Consumers these days rely increasingly on supermarkets for their food purchases. While other channels saw their sales dwindle, only supermarkets – and especially discounters –actually posted growth. Notably, last year consumer spending on food declined only marginally (-0.2 percent) compared to total consumer spending (-2.1 percent). Consumers are very cost-conscious and will stay that way in the years to come. Therefore we do not expect total consumer spending to pick up in 2014. These are the conclusions of ABN AMRO’s 2014 sector update Visie op Food, which was published today.

Borders between distribution channels are blurring

Consumers spent a total €57 billion on food and luxury goods over 2013. That breaks down into €29.3 billion to supermarkets, €17.5 billion to out-of-home channels and €10.2 billion to at-home channels. Only supermarket spending grew in 2013. The out-of-home channels are having a rough time as an increasing number of consumers cook at home more often rather than go out for dinner. According to ABN AMRO, as suppliers capitalise on this development (e.g. by offering fresh, pre-packed, ready-to-cook products), the borders between sales channels are blurring.

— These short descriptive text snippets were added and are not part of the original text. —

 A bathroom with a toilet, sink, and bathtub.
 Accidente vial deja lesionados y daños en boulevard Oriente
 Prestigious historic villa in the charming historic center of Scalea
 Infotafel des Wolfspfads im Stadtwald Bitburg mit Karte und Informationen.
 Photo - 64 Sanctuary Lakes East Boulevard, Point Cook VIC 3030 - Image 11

Conscious consumers are on the rise

Although price is still the main focus in the food sector, the tide is turning. The abuses in the meat industry have been a wake-up call for consumers in 2013. ABN AMRO views this as favourable for entrepreneurs trying to distinguish themselves in a different way. Conscious consumers are on the rise. For example, demand for fish with a sustainability label is growing, partially due to the wider range available in supermarkets. The meat industry as well is increasingly guided by shifting consumer demands with regard to animal health and the environment. That goes not only for fresh meat, but for processed and semi-manufactured meats as well. Additionally, consumers are becoming keener on products from familiar, local suppliers. Franchisees in particular are adding locally supplied products to their product ranges.

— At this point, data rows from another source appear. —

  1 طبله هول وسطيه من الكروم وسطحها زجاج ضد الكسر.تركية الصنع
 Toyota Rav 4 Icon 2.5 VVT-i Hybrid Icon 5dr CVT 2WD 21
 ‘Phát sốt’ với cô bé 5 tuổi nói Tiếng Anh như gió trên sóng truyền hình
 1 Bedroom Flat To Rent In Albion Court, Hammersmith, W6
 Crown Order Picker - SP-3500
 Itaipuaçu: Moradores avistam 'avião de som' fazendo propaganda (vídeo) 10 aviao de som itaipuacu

Gaining an edge with transparency and differentiation

ABN AMRO does not expect consumer budgets to rise yet in 2014. Hotel and catering businesses are being challenged to narrow the price gap between out-of-home and at-home channels. They could do so by investing in the optimisation of logistic processes. For example, they could pool purchases to cut back on distribution costs – and limit their environmental footprint in the process. Additionally, ABN AMRO observes that wholesalers focus more and more on ready-to-cook products, lowering the expenses of their hotel and catering customers. They are also increasingly investing in specific concepts or markets, like health care. “The Dutch food sector could improve its distinctive capacity by guaranteeing transparency and quality. Currently, getting meat to meet food safety requirements is a big issue. New meat concepts allow for greater transparency and offer the consumer a broader range of products to choose from,” says Niels Dijkman, ABN AMRO’s Sector Banker Food. “Each party in the food sector needs to focus on optimising the supply chain and offering more alternatives to conscious consumers. The industry leaders will set the trend in taking responsibility for their supply chain as they broaden their sustainable offering.”